Communications module 140 can communicate on a communications network, including but not limited to such networks as Ethernet, Wifi, Bluetooth, CDMA, GSM, LTE, HPSA, cellular, and the like. The user display module 150 embodies a screen to display information to a user of the client device 100. The user input module 160 can include physical keys, physical switches, virtual keyboard, physical keyboard, buttons, toggles, touchscreen input, light sensor, motion sensor, accelerometer, or other means for a user to signal an input to the client device 100. The composition of client device 100 is typical of a mobile device found in the industry, such as, but not limited to, an Android mobile phone, Apple mobile phone, Android mobile tablet, Apple mobile tablet, Apple MacOS X laptop, Windows Phone, Blackberry phone, Windows tablet, Windows laptop, and the like.

Additionally, the client device 100 embodies a suspend logic module 164 and a list of suspend operations 168. The operation of the suspend logic module 164 will be further described in detail below.

Referring now to FIG. 2, a method to initiate a suspend operation for a mobile device is illustrated. The illustration in FIG. 2 represents an embodiment of the suspend logic module 164 (FIG. 1); it will be understood that other embodiments can be made without departing from the novel scope of the present invention. The logic sequence of the method begins 200 by receiving 210 a request from MDM server module 190 (FIG. 1) to enter a suspended state, or receiving 220 a request from the user via user input module 160 (FIG. 1) to enter a suspended state. The logic 164 (FIG. 1) will consult 230 a pre-determined list of suspend operations 168 (FIG. 1) to perform, and then perform 240 each operation on the pre-determined list of suspend operations. The operations may direct the logic to perform one or more of inhibiting actions to data in memory 120 (FIG. 1), deleting data 130 (FIG. 1) in the memory, inhibiting network communication, inhibiting execution of applications, inhibiting event notifications, displaying a notice to the user on a display module, locking the device, logging out of active sessions, and the like. Persons having ordinary skill in the art will recognize further types of operations that can be performed to reduce, limit, or inhibit the full functional operation of the device. The logic repeats 270 the performance of indicated operations until all operations on the list of suspend operations are completed. At this point, the logic concludes 290 and the client device 100 (FIG. 1) is now considered to be in a suspended state.

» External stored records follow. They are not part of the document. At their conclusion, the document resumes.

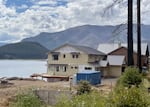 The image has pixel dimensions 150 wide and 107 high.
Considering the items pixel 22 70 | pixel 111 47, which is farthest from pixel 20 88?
pixel 22 70

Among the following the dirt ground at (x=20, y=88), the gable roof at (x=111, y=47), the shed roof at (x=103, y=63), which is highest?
the gable roof at (x=111, y=47)

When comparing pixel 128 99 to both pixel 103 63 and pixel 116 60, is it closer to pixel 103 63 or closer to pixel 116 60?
pixel 103 63

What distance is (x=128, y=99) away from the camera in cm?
871

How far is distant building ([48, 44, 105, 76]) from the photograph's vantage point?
6284cm

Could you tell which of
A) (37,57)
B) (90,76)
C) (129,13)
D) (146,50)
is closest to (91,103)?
(129,13)

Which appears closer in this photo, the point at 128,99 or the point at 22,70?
the point at 128,99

Referring now to FIG. 3, a method of operation to exit a suspended state in the present invention is illustrated. FIG. 3 represents an embodiment of the suspend logic module 164 (FIG. 1). The logic sequence of this aspect of the method begins 300 by receiving 310 a request from MDM server module 190 (FIG. 1) to exit a suspended state, or receiving 320 a request from the user via user input module 160 (FIG. 1) to exit a suspended state. The logic will consult 330 the pre-determined list of suspend operations 168 (FIG. 1) to perform, and then perform 340 each operation on the pre-determined list of suspend operations in a manner to reverse the operation(s) previously performed as part of the process to enter a suspended state (illustrated in FIG. 2). The operations may direct the logic to perform one or more of uninhibiting access to data in memory, uninhibiting network communication, uninhibiting execution of applications, uninhibiting event notifications, displaying a notice to the user on a display module, and the like. Persons having ordinary skill in the art will recognize further types of operations that can be performed to restore the full functional operation of the device, without departing from the novel scope of the present invention. The logic repeats 370 the performance of indicated operations until all operations on the list of suspend operations are completed. At this point, the logic concludes 390 and the client device 100 (FIG. 1) is now considered to be in a normal (unsuspended) state.

In various embodiments of the present invention, a mobile device receives an indication to enter a limited functional state. In some embodiments, the indication may be a local user-initiated event, a remote administrator-initiated event, an automated event initiated by an external computing system, and the like. In some embodiments, the indication is implemented in the mobile device as a button, checkbox, switch, other visual element, and the like. In some embodiments, the indication can be received over a communications network. For example, the mobile device could receive a Mobile Device Management (MDM) notification, and the like. In operation, when a mobile device receives an MDM notification, the mobile device would be switched to a limited functional state.

Some embodiments of the present invention include a mobile device programmed to receive an indication to exit the limited functional state. In some embodiments, the indication may be a local user-initiated event, a remote administrator-initiated event, an automated event initiated by an external computing system, and the like. In some embodiments, the indication is implemented in the mobile device as a button, checkbox, switch, other visual element, and the like. In some embodiments, the indication can be received over a communications network. For example, the mobile device could receive a Mobile Device Management (MDM) notification, and the like. In operation, when the mobile device receives an MDM notification, the mobile device would be switched to a full (or fuller) functional state.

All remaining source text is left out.